● **Provided entries**:
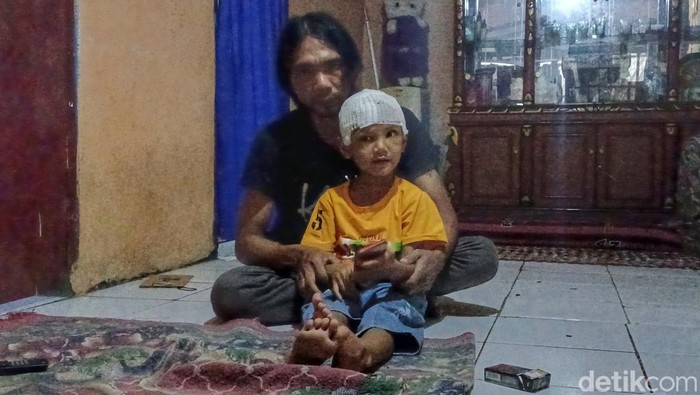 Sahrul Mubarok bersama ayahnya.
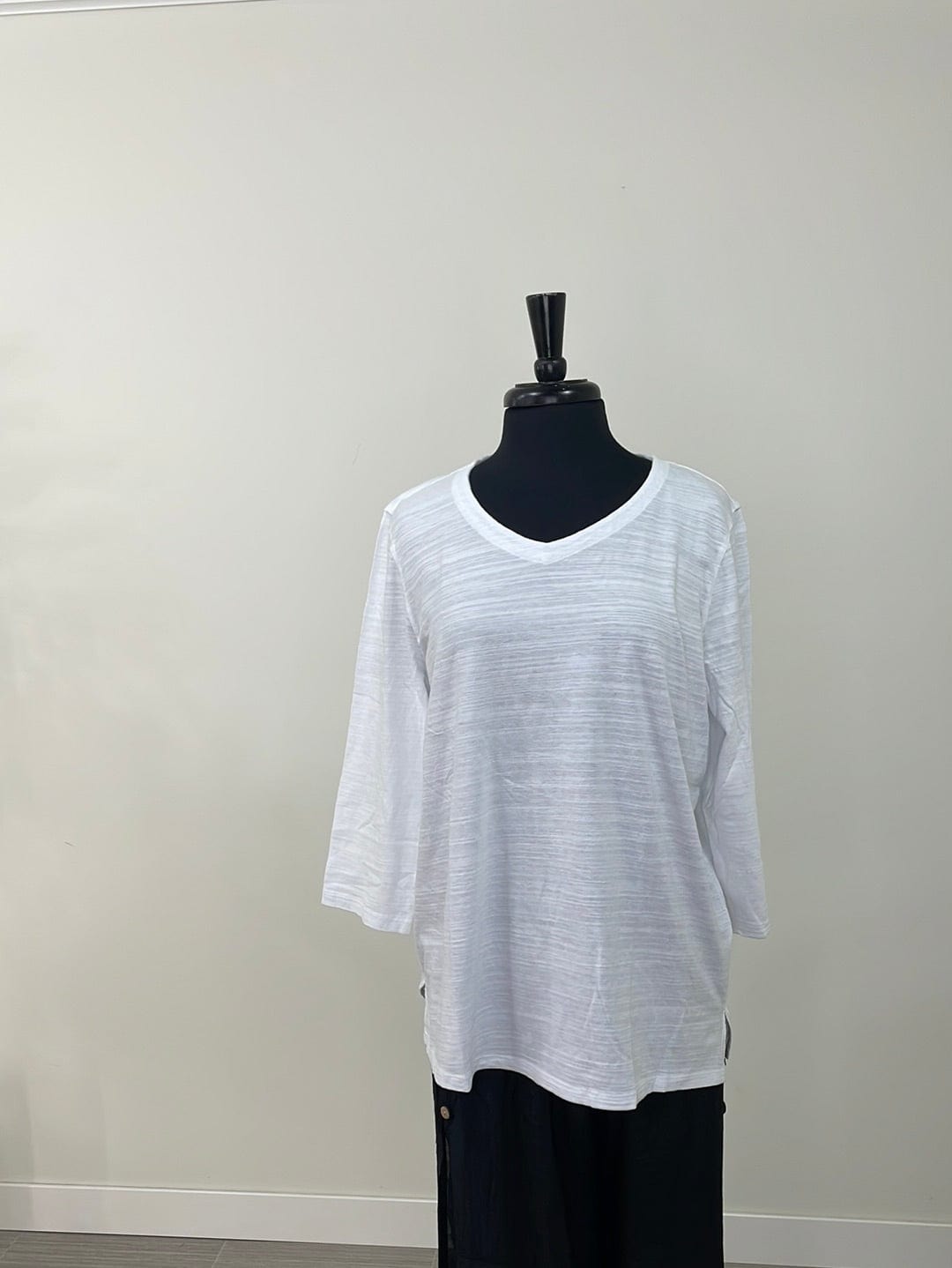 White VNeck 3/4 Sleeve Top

---

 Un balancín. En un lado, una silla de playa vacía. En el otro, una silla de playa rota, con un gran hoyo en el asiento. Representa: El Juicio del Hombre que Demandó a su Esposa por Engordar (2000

● **Task to carry out**: For this exercise, transcribe exactly the part of the records above that opens with the line containing "Sahrul Mubarok bersama ayahnya." and closes with the one containing "White VNeck 3/4 Sleeve Top". Pictures are not part of the copy.

● **Result for this task**:
 Sahrul Mubarok bersama ayahnya.
 White VNeck 3/4 Sleeve Top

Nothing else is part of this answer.